··· PROVIDED MATERIAL ···
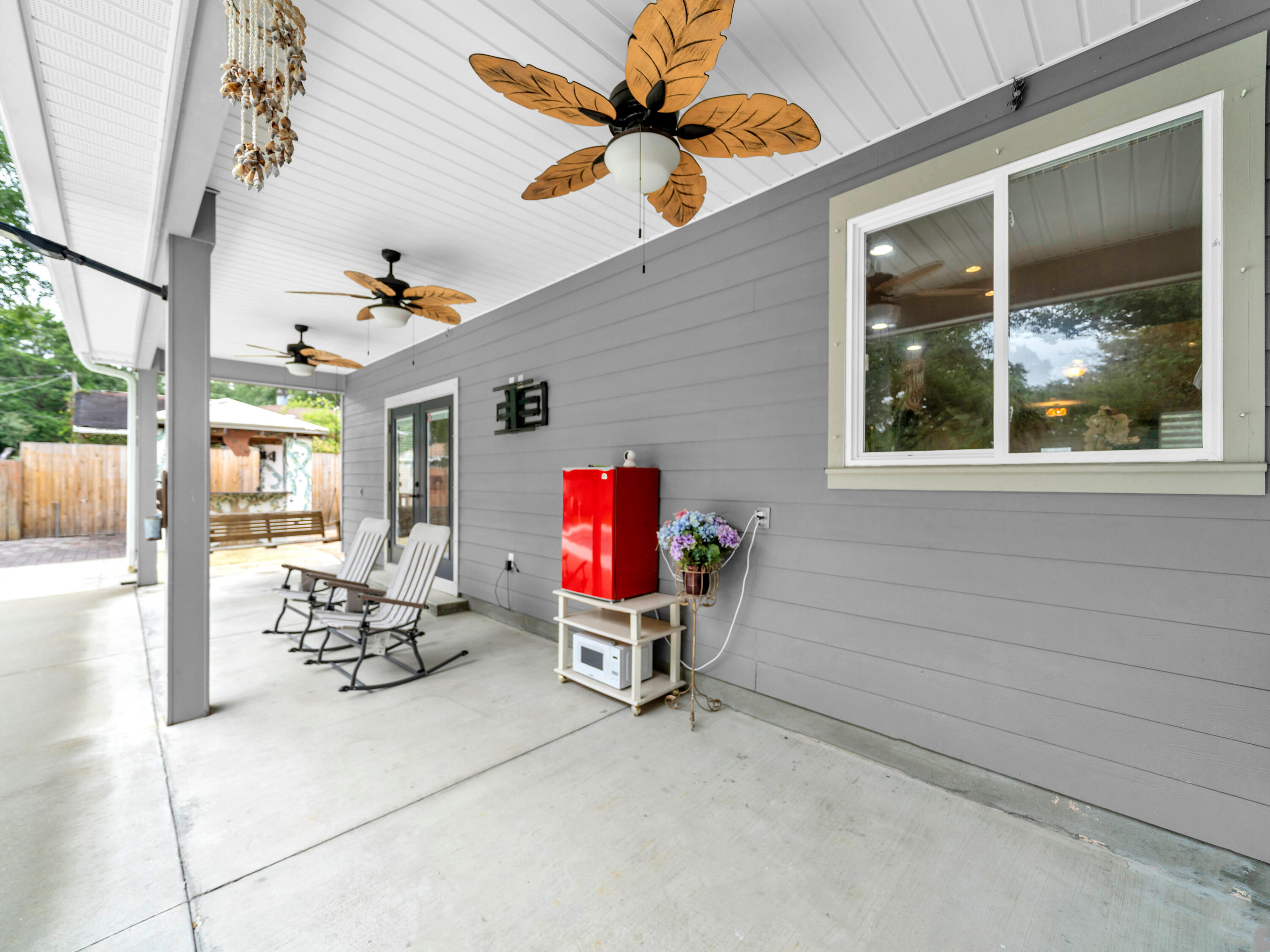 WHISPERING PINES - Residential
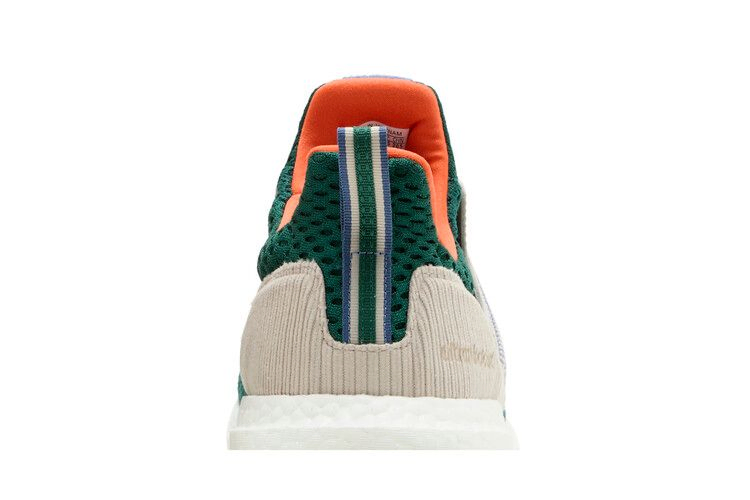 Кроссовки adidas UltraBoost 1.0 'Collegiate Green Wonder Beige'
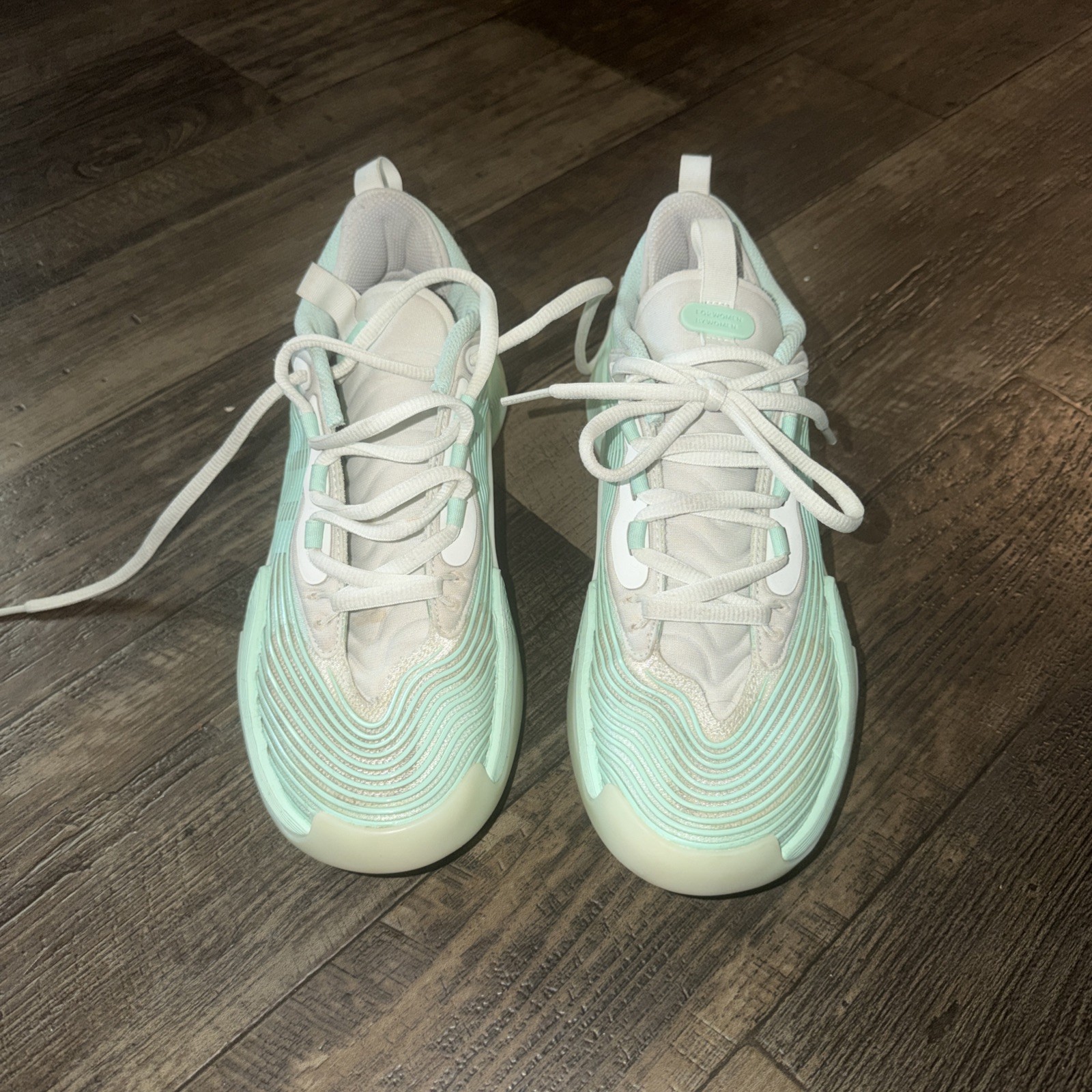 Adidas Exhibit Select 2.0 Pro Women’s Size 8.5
···
▸ **TRY IT**:
Your output should be the lines from the line containing "Кроссовки adidas UltraBoost" through the last line of the listing above, restated exactly, with no pictures among them.

▸ **RESULT**:
 Кроссовки adidas UltraBoost 1.0 'Collegiate Green Wonder Beige'
 Adidas Exhibit Select 2.0 Pro Women’s Size 8.5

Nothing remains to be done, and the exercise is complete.